Agrofloresta: floresta e lavoura juntas

O conhecimento reunido, ‘re-descoberto’, das famílias de agricultores é decorrente do contato íntimo com a floresta e seus processos de regeneração e já se transformou num movimento pela ‘agrofloresta’. Reunidos na cooperativa, eles ‘re-descobrem’ seu valor. Para eles, é um grande prazer receber regularmente os grupos de interessados. Os jovens enxergam, novamente, que há futuro no campo e não fogem mais para as grandes cidades. Simultaneamente, as famílias percebem que estão num movimento crescente, pois fazem parte da rede maior da ‘Ecovida’.
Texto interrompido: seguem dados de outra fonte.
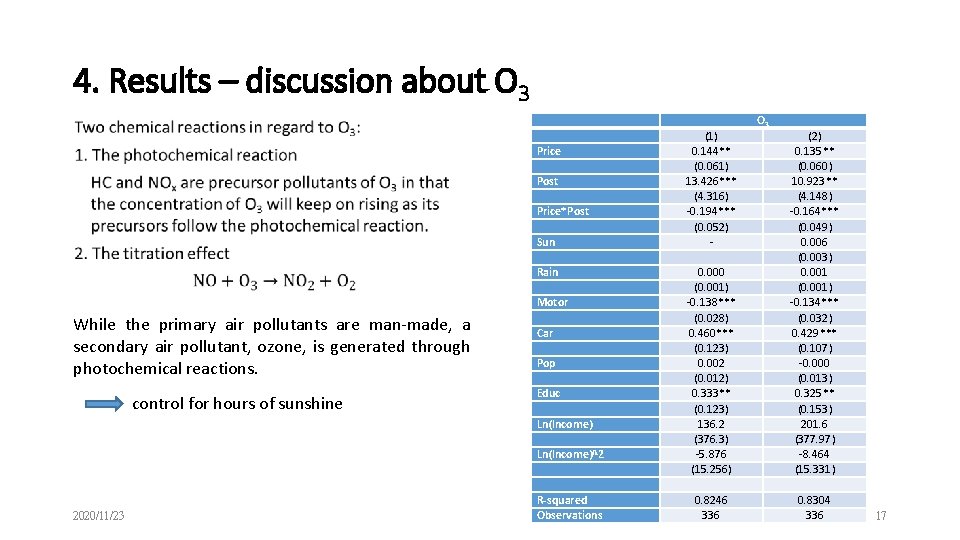 4. Results – discussion about O 3 While the primary air pollutants are man-made,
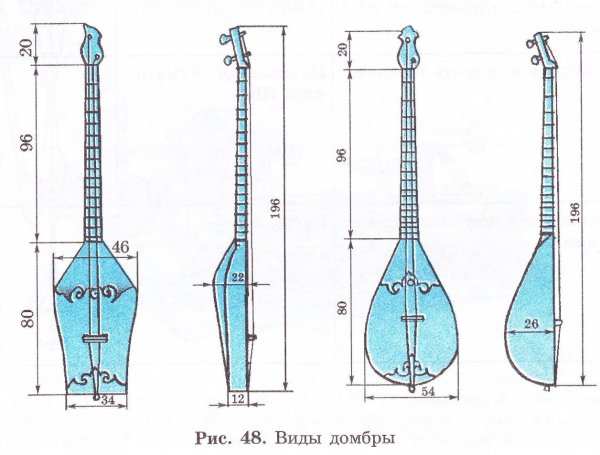 Домра Строй 3 струны
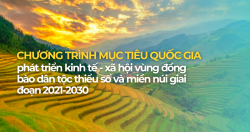 Chương trình mục tiêu quốc gia phát triển kinh tế - xã hội vùng đồng bào dân tộc thiểu số và miền núi năm 2024 trên địa bàn tỉnh Thái Nguyên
Assim como outras centenas de famílias da Ecovida, eles participam semanalmente de feiras. No caso deles, trata-se principalmente do amplo mercado de produtos orgânicos, em Curitiba. É maravilhoso vê-los com suas frutas e muito mais. Eles também vendem uma série de produtos feitos a partir de suas deliciosas bananas. O caminho da agrofloresta e do policultivo não é só interessante do ponto de vista ecológico. Quando um agricultor cultiva somente feijão ou somente milho, ele consegue uns 500 reais por hectare. Se optar pela diversificação, ele realmente tem o dobro do trabalho, mas cada hectare rende de 3 a 4 mil reais. Com essa renda, é possível até contratar mão-de-obra, gerando trabalho e futuro no campo.

 

A agricultura e a exploração florestal podem se enriquecer mutuamente. Além disso, as árvores estabilizam o clima e fornecem, gratuitamente, energia verde!

Todos se beneficiam: a floresta, a água, a terra, os frutos, a (agro)biodiversidade. E as pessoas e suas comunidades.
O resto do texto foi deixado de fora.